Hormonal Heaven
Hormonal Heaven
How big a priority on a scale of one to ten is passion in your
relationship right now? One of my clients recently expressed a
concern that she was missing the lovemaking with her partner so
much. It was almost as if she felt guilty about it, as if her
fascination was somehow unhealthy.
One of my Swami yoga teachers taught me years ago that our
bodies are like chemistry sets. Our mood is largely dependent on
our chemical balance at whatever point in time and different
things fire off different chemicals. You're probably aware that
a confrontation will fire off adrenalin in your body leaving you
feeling uneasy and a little unsafe setting up the 'fight or
flight' response mechanism in your body. Well this got me to
thinking about sex and how great it generally feels, and at this
point the Swami and I part company, as all Swami's are
theoretically celibate.
In her fantastic book "Will You Still Love Me Tomorrow",
Adrienne Burgess conducted a ton of research.
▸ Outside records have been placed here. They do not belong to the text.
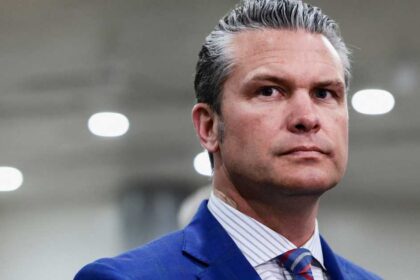 الديمقراطيون يلاحقون هيغسيث بسبب الاستثمار في "أسهم الدفاع"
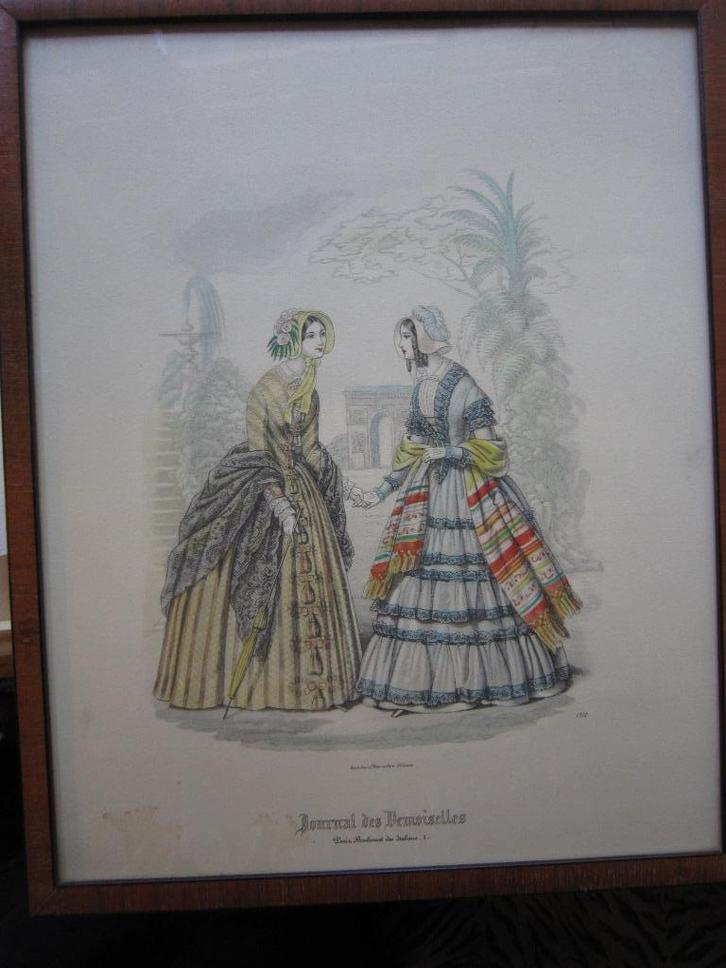 2 Franse Modeprenten in lijstjes Journal de Moiselles, Verzamelen, Foto's en Prenten, Gebruikt, Klederdracht, Voor 1940, Ophalen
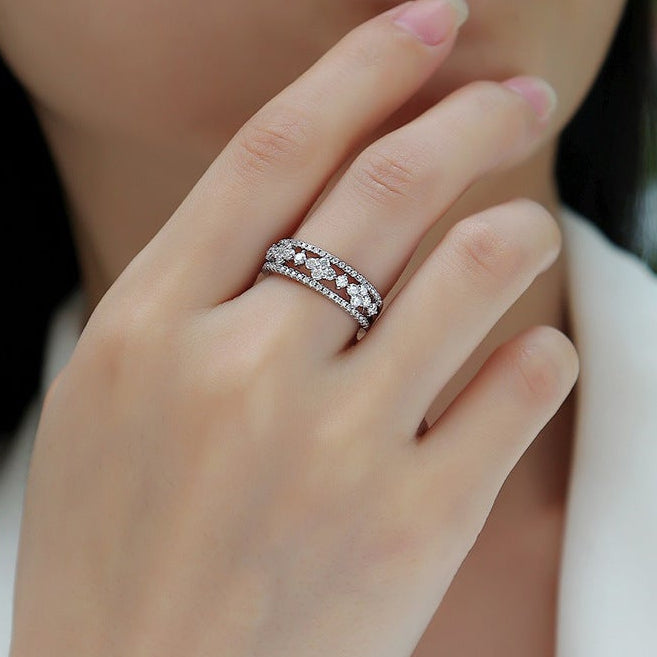Jardin de Lumière, 18k White Gold-Plated S925 Sterling Silver Moissanite Wedding Ring
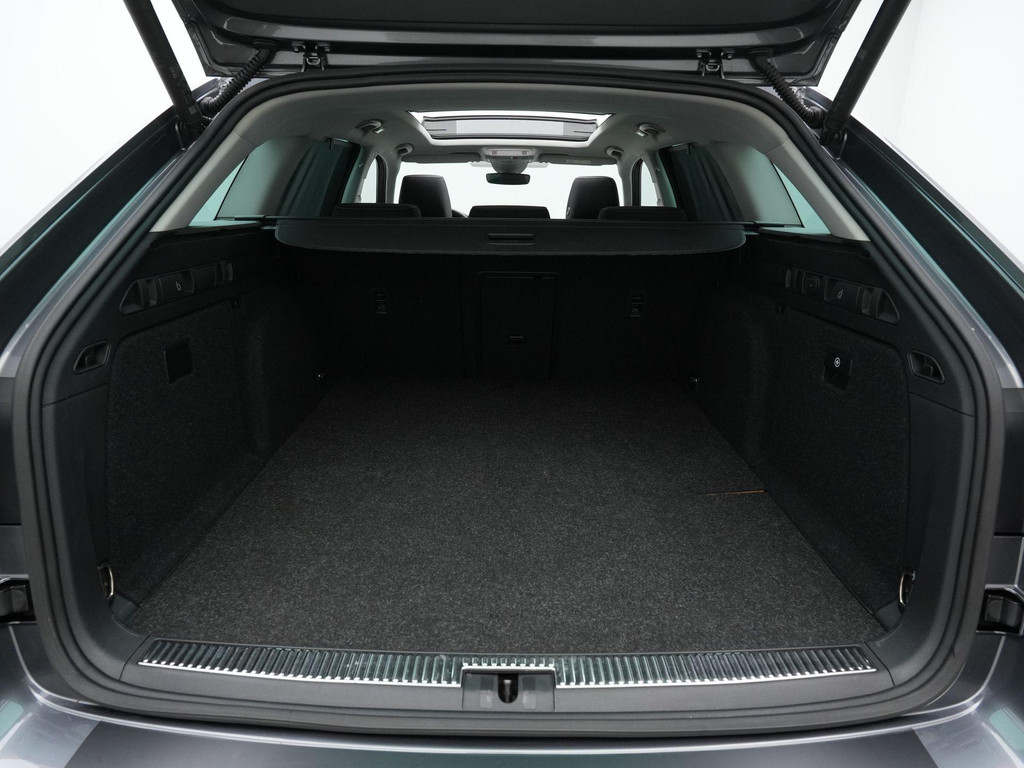 ŠKODA Superb (KHR41D) met abonnement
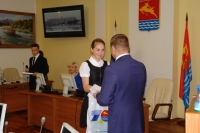 Председатель Магаданской городской Думы Сергей Смирнов вручил школьникам Магадана паспорта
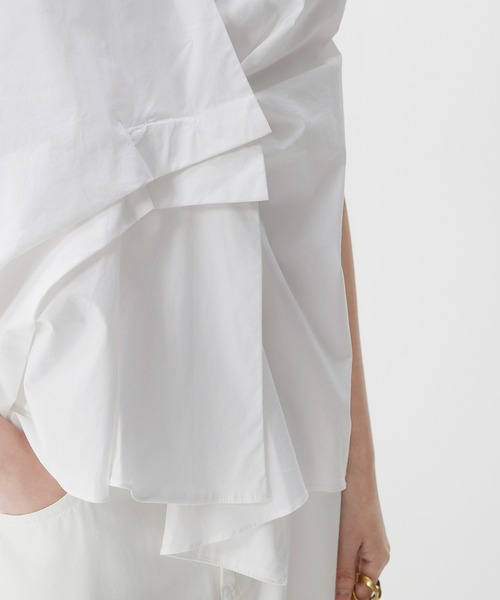 JNBY（ジェーエヌビーワイ）の「Asym Tuck Shirt / タックノースリーブブラウス（シャツ/ブラウス・レディース・ブラウン/ブルー/ホワイト・40/38/36）」の6枚目の写真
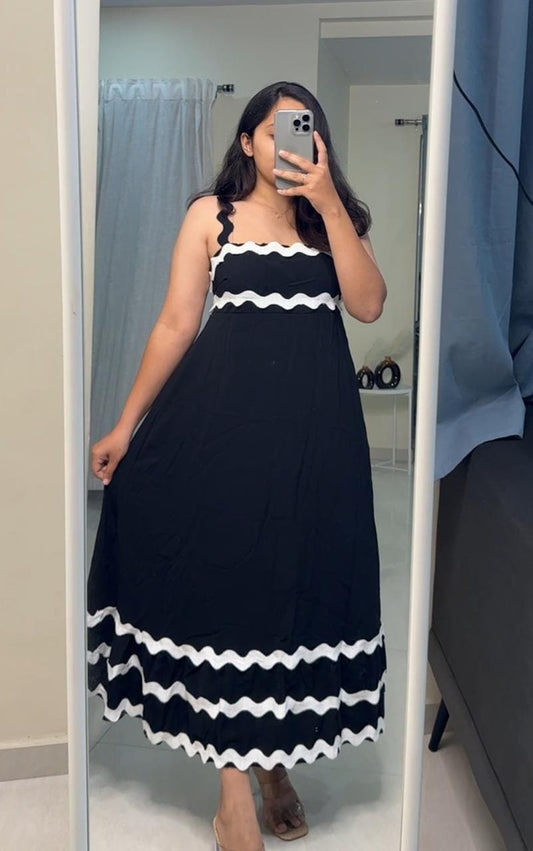 Sherlyn Lace Dress image 0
She found that sex
fires off a phenomenal cocktail (hmm, no pun intended) of:
Dopamine which gives a sense of well being, phenylethylamine
which generates a feeling of excitement, serotonin for emotional
stability, norepinephrine for that 'I am a god' feeling and
oxytocin for an easy come down which leaves you feeling all safe
and cuddly. That list may look kind of familiar to some of you;
quite a few of those are also in good quality chocolate - that
explains a lot.
This is why love generally arises out of sex. Couples who seem
to have sexual problems just have too many requirements for sex
to be right. Often they feel sex should only arise out of love
and they won't have sex when they're feeling exhausted, unhappy
or distant. The fact is oxytocin is a powerful hormone that
promotes bonding, which means that the chances of us having
highly erotic or romantic sex increase when we're prepared to
have, at other times, less than perfect sex.
Happier couples have sex more often than unhappy couples. So
what is the deal with that chicken and egg thing?